*DATA EXCERPT*.
———

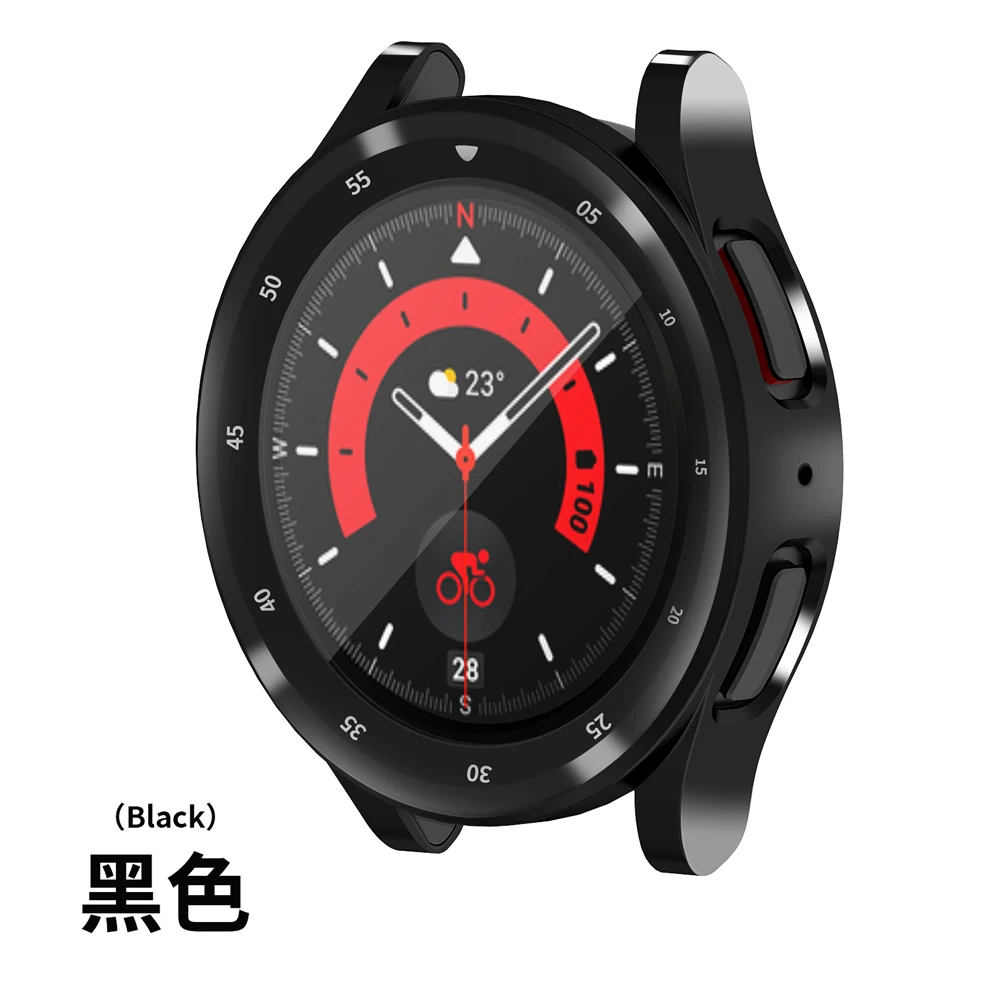 삼성 갤럭시 워치 5 프로 45MM 화면 보호기 도금 TPU 스크래치용 커버 셸, 풀 커버 프레임 보호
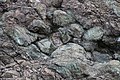 Pillow structures preserved in greenschist-facies metamorphosed basalts of the Franciscan Complex, Black Sands Beach, Marin Headlands, California. Field of view is approximately 2 m wide.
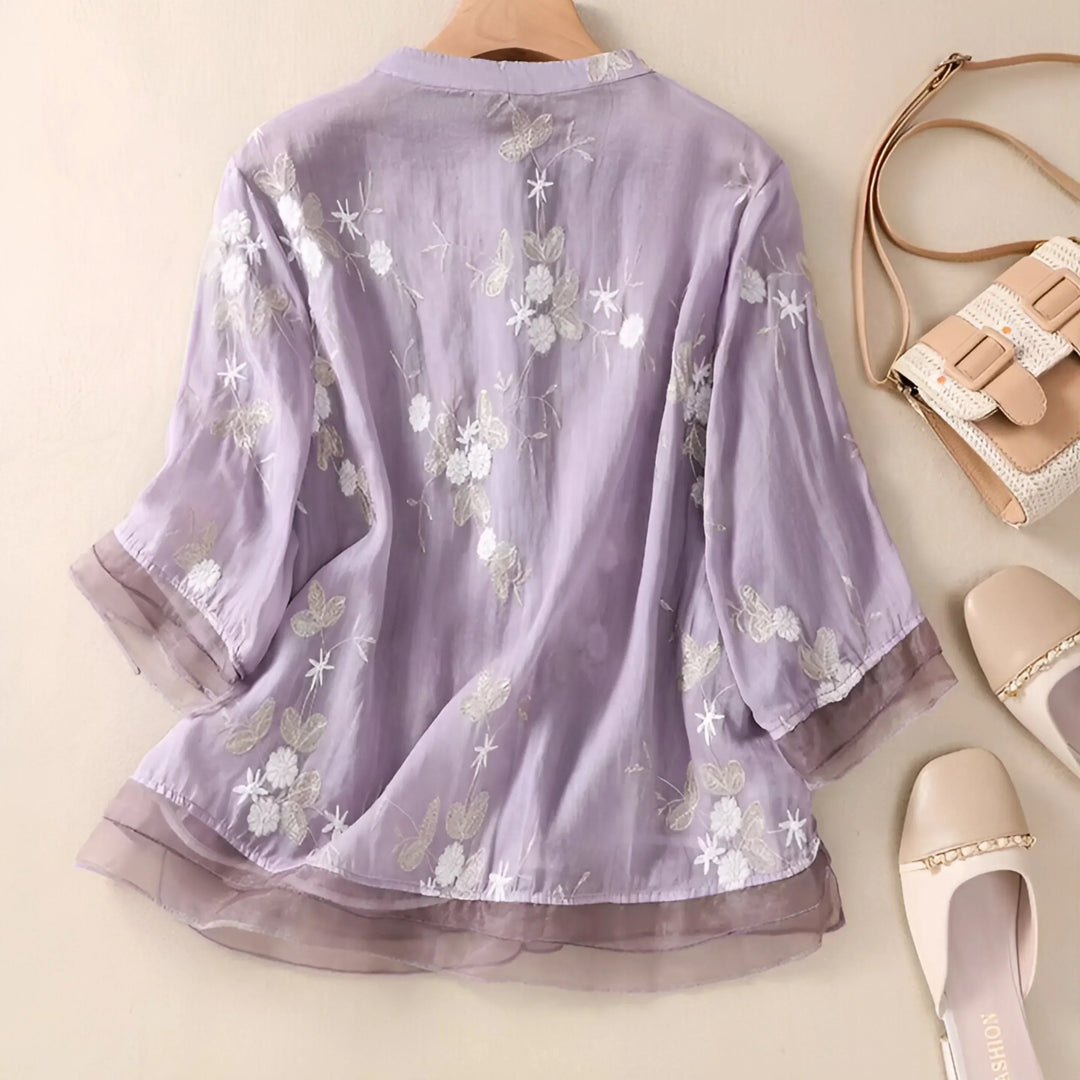 Ula I Embroidered Blouse with Button-Down Design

———

*AIM OF THE EXERCISE*.
Could you restate exactly the lines from the line containing "Pillow structures preserved" through the end of the listing, both ends included and nothing else, leaving the images out?

*SOLUTION TO THE EXERCISE*.
 Pillow structures preserved in greenschist-facies metamorphosed basalts of the Franciscan Complex, Black Sands Beach, Marin Headlands, California. Field of view is approximately 2 m wide.
 Ula I Embroidered Blouse with Button-Down Design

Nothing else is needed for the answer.